§ What the exercise asks:
Check every line of the data below for the word "Couch". Copy the ones that have it.

§ Task inputs:
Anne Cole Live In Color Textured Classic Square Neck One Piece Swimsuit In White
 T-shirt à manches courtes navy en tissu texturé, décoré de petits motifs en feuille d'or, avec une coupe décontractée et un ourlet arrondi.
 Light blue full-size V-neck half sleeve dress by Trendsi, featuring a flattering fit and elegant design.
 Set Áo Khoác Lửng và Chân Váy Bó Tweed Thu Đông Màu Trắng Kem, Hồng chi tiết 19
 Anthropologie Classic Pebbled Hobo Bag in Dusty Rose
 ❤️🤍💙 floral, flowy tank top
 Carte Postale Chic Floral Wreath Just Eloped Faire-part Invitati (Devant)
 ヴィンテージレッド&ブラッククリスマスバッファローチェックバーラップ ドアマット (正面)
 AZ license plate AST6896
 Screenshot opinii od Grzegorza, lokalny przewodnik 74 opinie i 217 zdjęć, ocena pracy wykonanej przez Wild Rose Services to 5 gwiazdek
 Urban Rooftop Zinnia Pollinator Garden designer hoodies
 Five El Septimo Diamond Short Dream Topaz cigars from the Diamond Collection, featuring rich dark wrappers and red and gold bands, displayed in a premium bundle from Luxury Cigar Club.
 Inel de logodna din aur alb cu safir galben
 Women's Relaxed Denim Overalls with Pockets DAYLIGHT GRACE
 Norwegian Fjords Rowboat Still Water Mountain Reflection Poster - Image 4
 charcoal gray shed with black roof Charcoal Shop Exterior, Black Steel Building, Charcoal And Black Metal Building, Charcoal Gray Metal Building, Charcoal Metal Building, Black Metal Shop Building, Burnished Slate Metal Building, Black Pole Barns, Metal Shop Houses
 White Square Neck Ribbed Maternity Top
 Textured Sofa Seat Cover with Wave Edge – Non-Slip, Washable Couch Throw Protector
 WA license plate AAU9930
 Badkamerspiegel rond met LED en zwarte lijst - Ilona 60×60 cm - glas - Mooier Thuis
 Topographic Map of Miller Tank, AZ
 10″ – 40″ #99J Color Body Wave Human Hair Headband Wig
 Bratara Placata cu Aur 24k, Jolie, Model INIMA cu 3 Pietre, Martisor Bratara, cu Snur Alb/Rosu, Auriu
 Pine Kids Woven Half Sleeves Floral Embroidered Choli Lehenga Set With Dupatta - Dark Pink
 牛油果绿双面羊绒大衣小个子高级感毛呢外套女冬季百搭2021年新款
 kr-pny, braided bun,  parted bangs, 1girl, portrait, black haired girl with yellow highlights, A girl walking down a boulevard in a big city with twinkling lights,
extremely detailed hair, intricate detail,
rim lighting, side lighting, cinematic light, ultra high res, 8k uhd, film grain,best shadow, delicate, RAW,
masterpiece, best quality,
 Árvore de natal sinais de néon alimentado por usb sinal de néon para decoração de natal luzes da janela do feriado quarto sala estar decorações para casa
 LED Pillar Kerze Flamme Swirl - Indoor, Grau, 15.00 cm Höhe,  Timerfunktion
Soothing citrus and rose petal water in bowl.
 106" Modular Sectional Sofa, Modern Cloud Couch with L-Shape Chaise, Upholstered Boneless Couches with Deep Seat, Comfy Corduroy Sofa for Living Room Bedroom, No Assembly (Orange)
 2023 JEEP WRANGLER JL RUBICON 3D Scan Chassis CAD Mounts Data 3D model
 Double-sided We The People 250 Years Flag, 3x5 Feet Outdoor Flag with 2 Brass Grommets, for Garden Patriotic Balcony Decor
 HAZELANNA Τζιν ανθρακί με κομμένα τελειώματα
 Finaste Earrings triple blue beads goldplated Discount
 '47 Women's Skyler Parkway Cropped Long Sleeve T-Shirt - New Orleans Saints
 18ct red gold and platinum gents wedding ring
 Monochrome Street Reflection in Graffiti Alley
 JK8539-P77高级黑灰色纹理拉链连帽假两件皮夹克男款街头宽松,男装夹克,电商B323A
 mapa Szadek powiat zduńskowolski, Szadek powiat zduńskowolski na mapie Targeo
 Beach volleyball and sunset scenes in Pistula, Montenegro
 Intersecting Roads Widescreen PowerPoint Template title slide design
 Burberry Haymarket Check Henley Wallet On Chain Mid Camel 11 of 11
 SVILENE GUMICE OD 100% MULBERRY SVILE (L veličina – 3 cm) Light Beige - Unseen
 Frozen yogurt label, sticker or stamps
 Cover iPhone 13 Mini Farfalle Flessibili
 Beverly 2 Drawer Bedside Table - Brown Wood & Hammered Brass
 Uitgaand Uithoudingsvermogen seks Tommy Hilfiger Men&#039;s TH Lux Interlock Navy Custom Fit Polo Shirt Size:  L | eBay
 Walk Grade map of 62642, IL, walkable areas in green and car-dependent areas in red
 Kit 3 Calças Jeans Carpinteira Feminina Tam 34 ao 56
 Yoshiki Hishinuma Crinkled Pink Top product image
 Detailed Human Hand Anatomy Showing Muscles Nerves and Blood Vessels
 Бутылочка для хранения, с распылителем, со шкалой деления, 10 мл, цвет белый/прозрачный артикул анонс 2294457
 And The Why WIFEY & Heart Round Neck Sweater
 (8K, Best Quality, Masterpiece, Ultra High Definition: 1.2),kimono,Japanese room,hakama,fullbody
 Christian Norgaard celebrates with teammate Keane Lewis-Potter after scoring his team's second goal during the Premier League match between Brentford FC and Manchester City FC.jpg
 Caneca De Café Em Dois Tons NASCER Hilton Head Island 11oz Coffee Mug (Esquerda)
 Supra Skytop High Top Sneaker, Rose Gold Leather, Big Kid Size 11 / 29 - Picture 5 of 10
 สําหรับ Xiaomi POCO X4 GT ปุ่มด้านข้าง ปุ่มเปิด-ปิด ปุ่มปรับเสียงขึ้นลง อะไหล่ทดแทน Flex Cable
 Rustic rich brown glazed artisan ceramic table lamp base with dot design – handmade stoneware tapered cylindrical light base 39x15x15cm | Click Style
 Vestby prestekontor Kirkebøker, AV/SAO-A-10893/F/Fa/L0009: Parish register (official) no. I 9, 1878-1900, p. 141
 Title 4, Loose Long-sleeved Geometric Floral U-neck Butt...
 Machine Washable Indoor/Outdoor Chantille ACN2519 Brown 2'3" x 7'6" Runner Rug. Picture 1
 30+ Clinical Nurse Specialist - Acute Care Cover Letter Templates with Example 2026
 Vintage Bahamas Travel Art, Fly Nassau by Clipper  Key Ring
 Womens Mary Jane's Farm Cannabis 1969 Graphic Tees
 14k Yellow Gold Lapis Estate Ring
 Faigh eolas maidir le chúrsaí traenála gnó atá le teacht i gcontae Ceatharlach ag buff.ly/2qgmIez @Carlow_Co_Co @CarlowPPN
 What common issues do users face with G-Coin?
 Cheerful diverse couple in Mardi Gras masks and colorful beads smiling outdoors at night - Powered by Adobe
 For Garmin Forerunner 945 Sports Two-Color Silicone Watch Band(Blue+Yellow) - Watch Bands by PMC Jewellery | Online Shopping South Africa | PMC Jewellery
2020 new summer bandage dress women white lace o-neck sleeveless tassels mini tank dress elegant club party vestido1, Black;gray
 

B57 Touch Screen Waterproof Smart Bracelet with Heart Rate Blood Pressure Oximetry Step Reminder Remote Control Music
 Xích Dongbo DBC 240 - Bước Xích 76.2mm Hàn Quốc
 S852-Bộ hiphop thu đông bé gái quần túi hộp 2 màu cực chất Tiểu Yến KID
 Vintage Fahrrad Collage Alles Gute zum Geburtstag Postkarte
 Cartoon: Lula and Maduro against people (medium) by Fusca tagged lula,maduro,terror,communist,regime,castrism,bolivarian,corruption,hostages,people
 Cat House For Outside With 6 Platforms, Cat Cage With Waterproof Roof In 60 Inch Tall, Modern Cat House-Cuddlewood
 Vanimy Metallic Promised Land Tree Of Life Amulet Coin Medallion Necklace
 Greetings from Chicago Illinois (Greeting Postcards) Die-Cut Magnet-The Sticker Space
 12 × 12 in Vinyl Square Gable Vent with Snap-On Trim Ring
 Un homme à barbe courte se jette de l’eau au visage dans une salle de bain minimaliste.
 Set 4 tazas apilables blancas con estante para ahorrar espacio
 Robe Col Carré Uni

§ Your solution:
 Textured Sofa Seat Cover with Wave Edge – Non-Slip, Washable Couch Throw Protector
 106" Modular Sectional Sofa, Modern Cloud Couch with L-Shape Chaise, Upholstered Boneless Couches with Deep Seat, Comfy Corduroy Sofa for Living Room Bedroom, No Assembly (Orange)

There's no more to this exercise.